> [YOUR ASSIGNMENT]: Give back every record below in full and exactly, but without a single image.

Top of ENTRIES PROVIDED

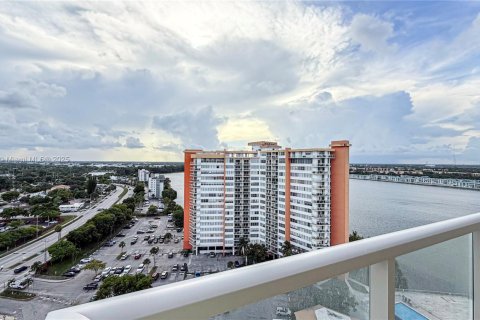 Condominio en Miami, Florida, 1 dormitorio № 1944622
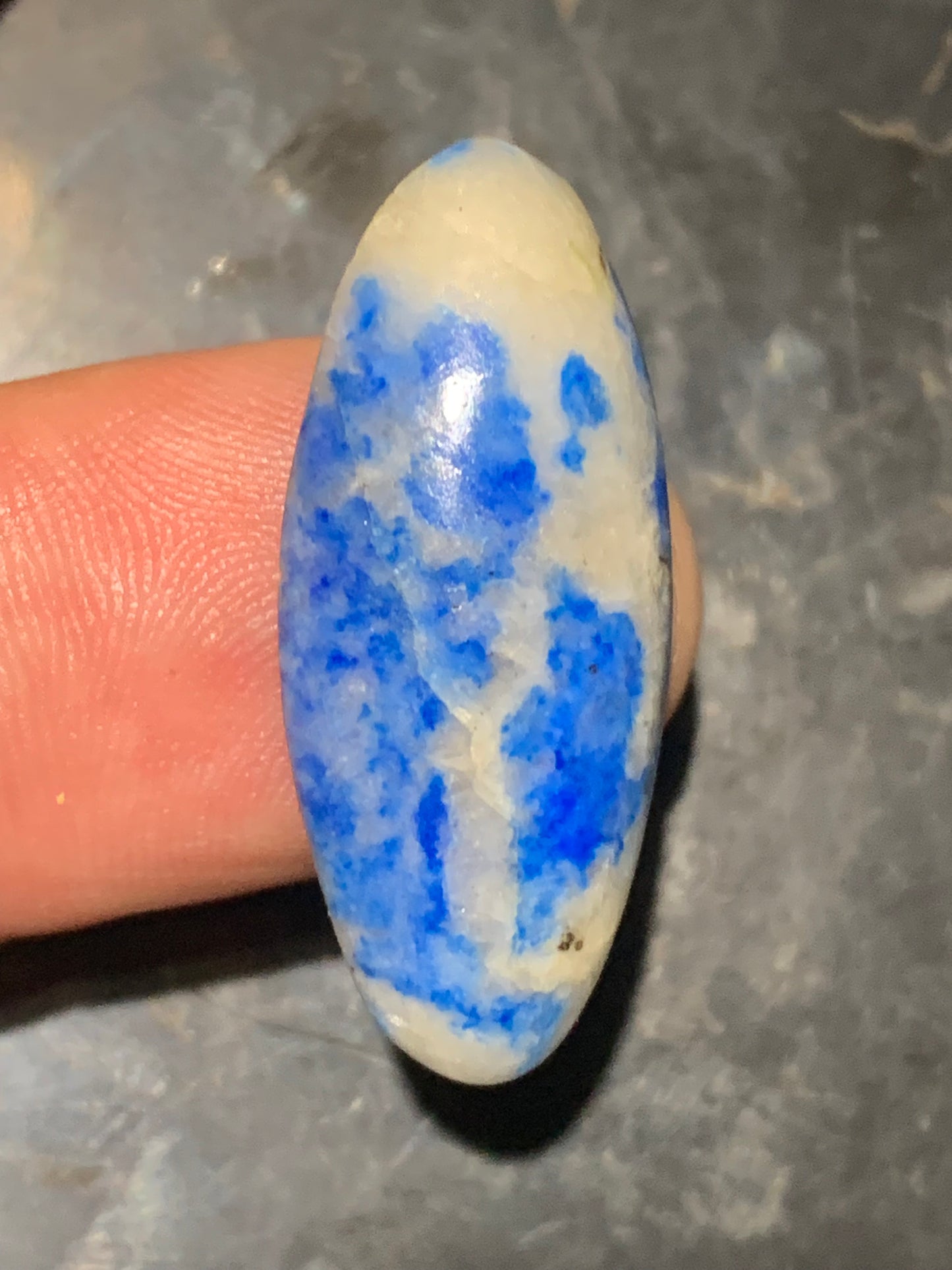Lapis lazuli, cabochon de 33 mm x 14 x 6 - 19 carats. Parfait en bijouterie, collection ,exposition...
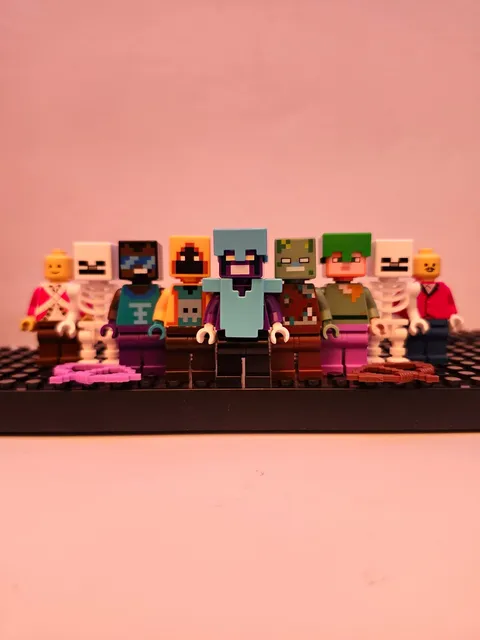 LEGO Minecraft Minifigure Lot 9 Lego Minifigures.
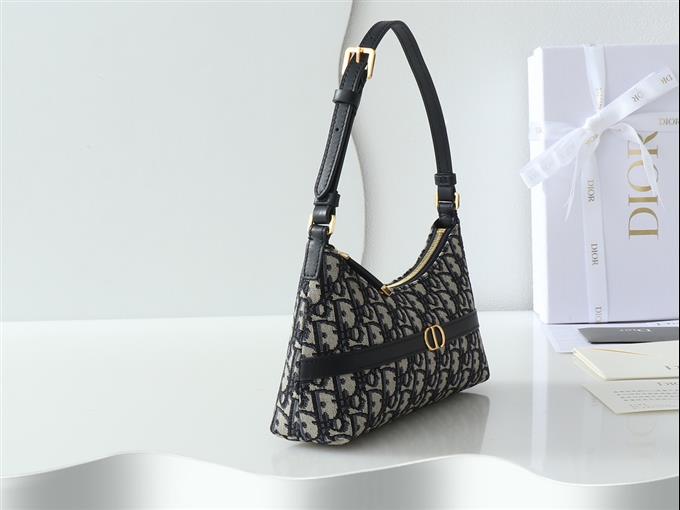 2025228Y530P204619209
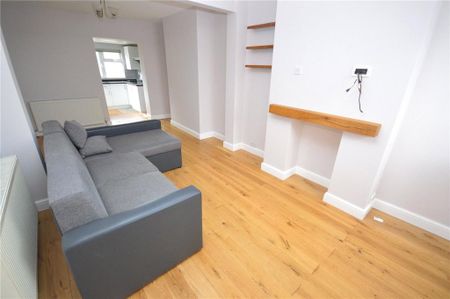 2 bedroom semi-detached house to rent - Photo 3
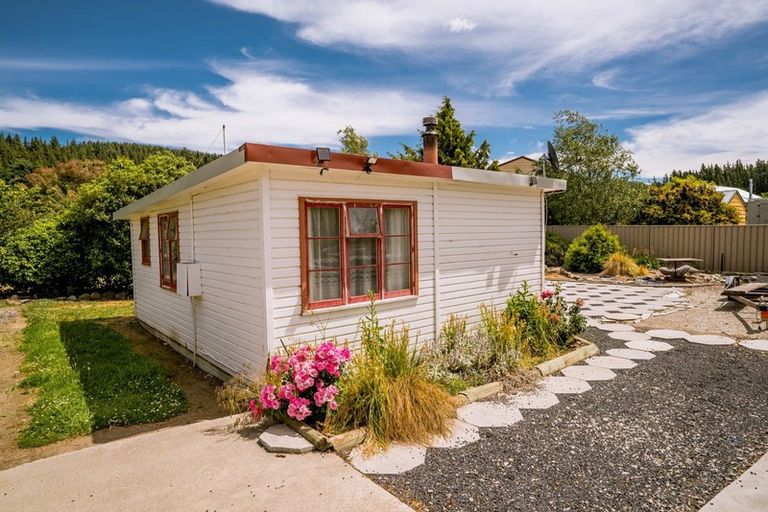 Photo of property in 68 Hopkins Street, Luggate, Cromwell, 9383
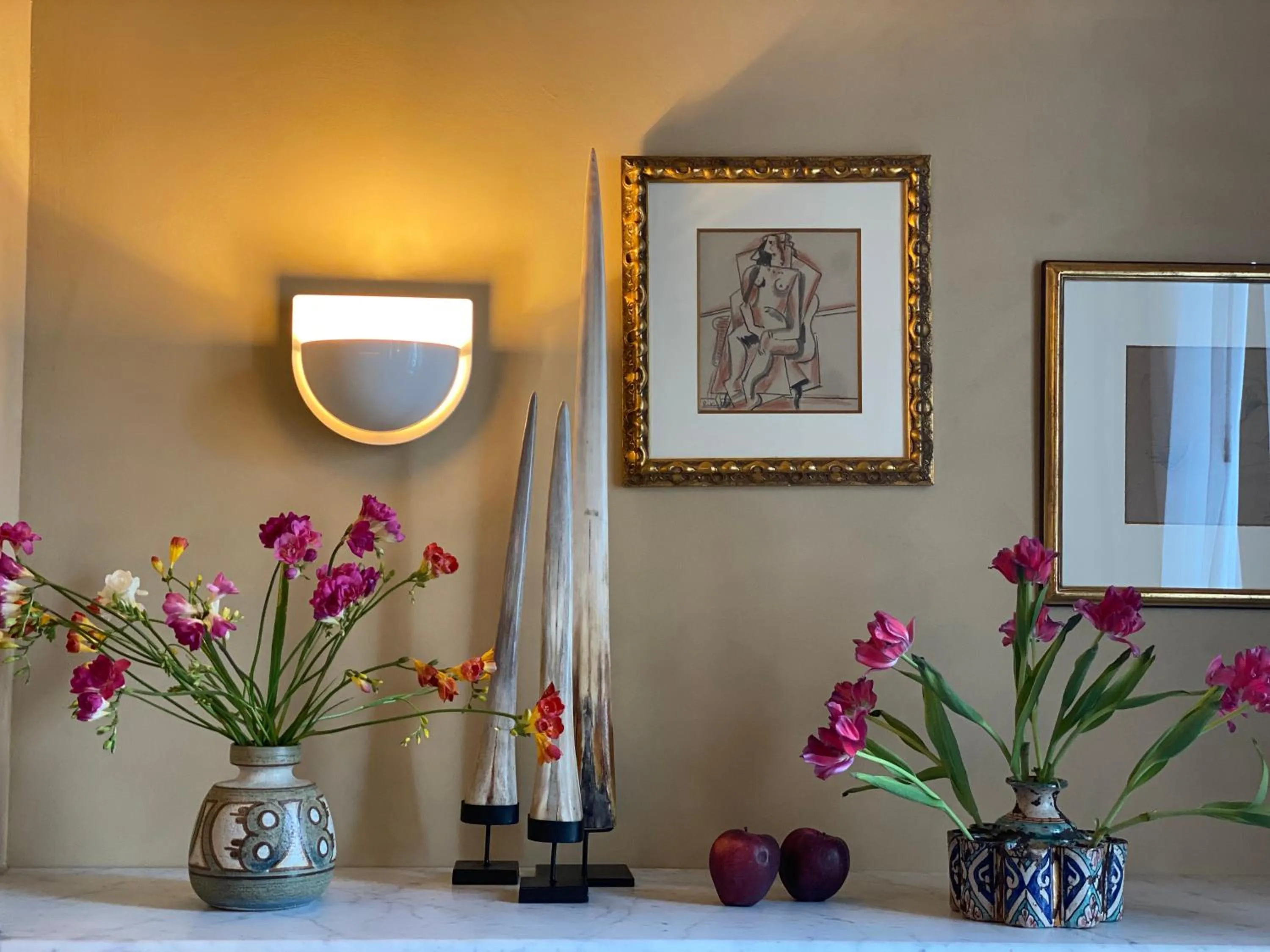 Decorative detail in Paradis Pietrasanta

Bottom of ENTRIES PROVIDED

> [RESULT FOR THIS EXERCISE]:
 Condominio en Miami, Florida, 1 dormitorio № 1944622
Lapis lazuli, cabochon de 33 mm x 14 x 6 - 19 carats. Parfait en bijouterie, collection ,exposition...
 LEGO Minecraft Minifigure Lot 9 Lego Minifigures.
 2025228Y530P204619209
 2 bedroom semi-detached house to rent - Photo 3
 Photo of property in 68 Hopkins Street, Luggate, Cromwell, 9383
 Decorative detail in Paradis Pietrasanta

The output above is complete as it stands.